Danny Boyle's highly anticipated "T2 Trainspotting" takes place 20 years after its monumental predecessor about a group of junkie friends in Edinburgh, Scotland. Reunited with the same cast and screenwriter, Boyle makes a follow-up that is not only part of the same DNA as "Trainspotting" but also appropriately evolved. The sequel avoids falling prey to so many of the common traps of sequels — going too big, remaking the first one, trying too hard to be unique — and follows the path of other successful sequels like the "Before" trilogy by Richard Linklater. It's part of the same piece while weaving in new layers. While it may not go down into the annals of British cinematic history like the first film, to call it a worthy follow-up is almost an understatement.
I won't spend too much time recapping the first film as I assume that if you've read this far, you've already seen it. It's an immensely popular film about lowlifes and the reason, I surmise, it works so well among so many different types of people (off the top of my head I can think of people of all different ages, races, sexes, sexual orientations, nationalities, and varying proclivities for drug use who all love the film... I don't know anyone who dislikes it and only one who just thinks it's okay) has to do with the fact it's not about drug use. It's about being in your 20s and the dramas among your mates. I'm not even British, yet I contend that the first Trainspotting is one of the greatest films ever made. So I was wary to temper my expectations about the sequel. Could it really carry on the legacy?

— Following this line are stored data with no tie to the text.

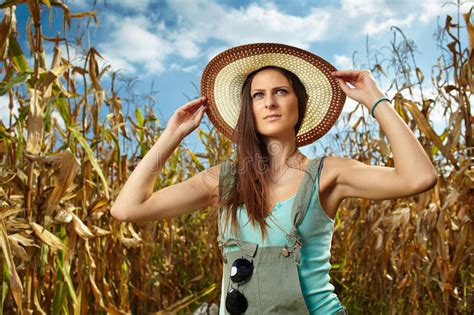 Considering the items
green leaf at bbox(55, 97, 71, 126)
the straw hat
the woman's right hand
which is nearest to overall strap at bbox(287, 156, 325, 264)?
the straw hat

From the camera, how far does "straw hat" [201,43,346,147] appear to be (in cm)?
192

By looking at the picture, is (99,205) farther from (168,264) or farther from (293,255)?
(293,255)

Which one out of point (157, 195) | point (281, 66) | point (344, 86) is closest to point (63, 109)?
point (157, 195)

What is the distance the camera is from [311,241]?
5.25ft

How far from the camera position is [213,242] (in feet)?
12.2

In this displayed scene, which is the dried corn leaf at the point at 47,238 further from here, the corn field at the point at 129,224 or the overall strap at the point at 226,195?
the overall strap at the point at 226,195

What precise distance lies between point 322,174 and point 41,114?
121 cm

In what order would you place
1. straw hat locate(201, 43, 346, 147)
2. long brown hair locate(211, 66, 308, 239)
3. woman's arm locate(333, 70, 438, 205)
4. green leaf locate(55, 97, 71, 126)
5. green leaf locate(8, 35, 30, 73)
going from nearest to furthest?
woman's arm locate(333, 70, 438, 205)
long brown hair locate(211, 66, 308, 239)
straw hat locate(201, 43, 346, 147)
green leaf locate(8, 35, 30, 73)
green leaf locate(55, 97, 71, 126)

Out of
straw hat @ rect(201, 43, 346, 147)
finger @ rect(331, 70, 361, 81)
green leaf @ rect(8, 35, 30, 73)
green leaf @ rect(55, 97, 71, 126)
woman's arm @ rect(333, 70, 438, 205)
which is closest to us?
woman's arm @ rect(333, 70, 438, 205)

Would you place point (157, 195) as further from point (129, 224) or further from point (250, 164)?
point (129, 224)

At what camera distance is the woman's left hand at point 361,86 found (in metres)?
1.70

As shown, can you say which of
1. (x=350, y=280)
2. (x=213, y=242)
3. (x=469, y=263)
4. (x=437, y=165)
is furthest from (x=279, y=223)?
(x=350, y=280)

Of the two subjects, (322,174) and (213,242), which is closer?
(322,174)

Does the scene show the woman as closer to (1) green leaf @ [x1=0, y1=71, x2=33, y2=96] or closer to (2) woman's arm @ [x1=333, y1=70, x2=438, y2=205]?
(2) woman's arm @ [x1=333, y1=70, x2=438, y2=205] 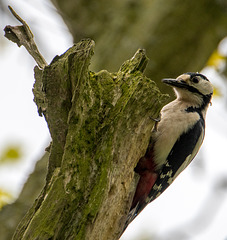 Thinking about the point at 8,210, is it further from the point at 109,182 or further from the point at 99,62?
the point at 109,182

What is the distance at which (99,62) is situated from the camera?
5363mm

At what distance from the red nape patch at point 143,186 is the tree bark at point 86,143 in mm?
560

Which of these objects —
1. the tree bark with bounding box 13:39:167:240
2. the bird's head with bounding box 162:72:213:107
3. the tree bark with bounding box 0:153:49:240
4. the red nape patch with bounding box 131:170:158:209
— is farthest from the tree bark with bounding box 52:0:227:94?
the tree bark with bounding box 13:39:167:240

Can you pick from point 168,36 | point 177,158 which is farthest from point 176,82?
point 168,36

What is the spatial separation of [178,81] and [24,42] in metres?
1.69

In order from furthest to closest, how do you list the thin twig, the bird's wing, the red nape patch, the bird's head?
the bird's head
the bird's wing
the red nape patch
the thin twig

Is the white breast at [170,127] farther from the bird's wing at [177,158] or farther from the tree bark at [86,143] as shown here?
the tree bark at [86,143]

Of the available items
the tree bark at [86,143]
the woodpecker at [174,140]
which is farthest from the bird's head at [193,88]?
the tree bark at [86,143]

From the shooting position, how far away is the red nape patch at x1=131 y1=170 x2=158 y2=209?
373 cm

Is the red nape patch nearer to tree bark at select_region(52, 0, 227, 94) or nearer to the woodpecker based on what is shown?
the woodpecker

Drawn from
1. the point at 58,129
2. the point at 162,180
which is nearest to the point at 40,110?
the point at 58,129

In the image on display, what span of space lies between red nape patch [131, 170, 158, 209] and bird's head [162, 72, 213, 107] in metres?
0.81

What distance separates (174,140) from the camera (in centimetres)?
399

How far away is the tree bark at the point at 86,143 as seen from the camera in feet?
9.20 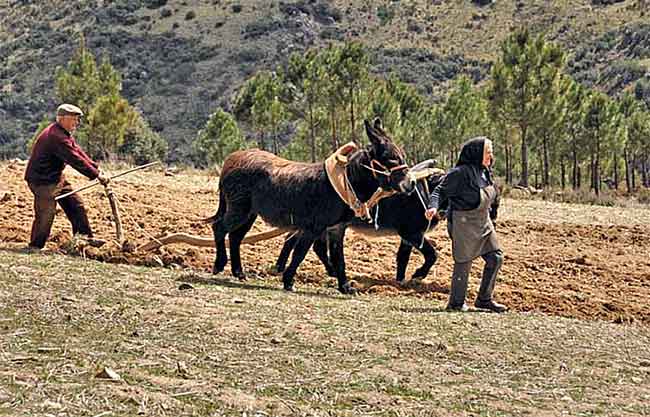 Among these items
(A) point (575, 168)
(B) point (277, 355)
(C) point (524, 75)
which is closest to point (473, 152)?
(B) point (277, 355)

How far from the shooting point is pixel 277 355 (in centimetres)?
631

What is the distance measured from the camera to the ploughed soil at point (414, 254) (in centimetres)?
1074

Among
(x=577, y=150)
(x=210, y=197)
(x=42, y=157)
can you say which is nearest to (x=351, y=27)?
(x=577, y=150)

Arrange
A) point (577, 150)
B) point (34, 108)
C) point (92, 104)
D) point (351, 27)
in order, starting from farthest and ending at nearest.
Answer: point (351, 27), point (34, 108), point (577, 150), point (92, 104)

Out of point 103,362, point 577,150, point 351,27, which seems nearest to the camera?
point 103,362

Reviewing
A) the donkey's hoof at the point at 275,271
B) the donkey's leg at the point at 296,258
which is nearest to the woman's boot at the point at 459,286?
the donkey's leg at the point at 296,258

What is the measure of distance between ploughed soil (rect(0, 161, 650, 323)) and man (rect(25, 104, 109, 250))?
0.29 m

Aside from the facts that I doubt someone who hadn't seen the first one would really "get it," the likelihood that all four of these characters would survive past the age of 27 is extremely low, it feels more episodic with less of a driving force than the first one, and the denouement feels ever so slightly rushed, I was grinning throughout the whole movie. It was like hanging out with old friends, and the movie doesn't try to do much more besides this (and I mean this in the best way possible). The style is different, but these characters are different. Of course the music would be covers of the stuff they liked in their 20s (I dare anyone to find song remixes as good as these anywhere) and of course the camerawork would be more complicated and colorful. These artists have evolved.
I won't spoil anything any further except to say that if you love the first Trainspotting as much as I do, don't be worried about this film.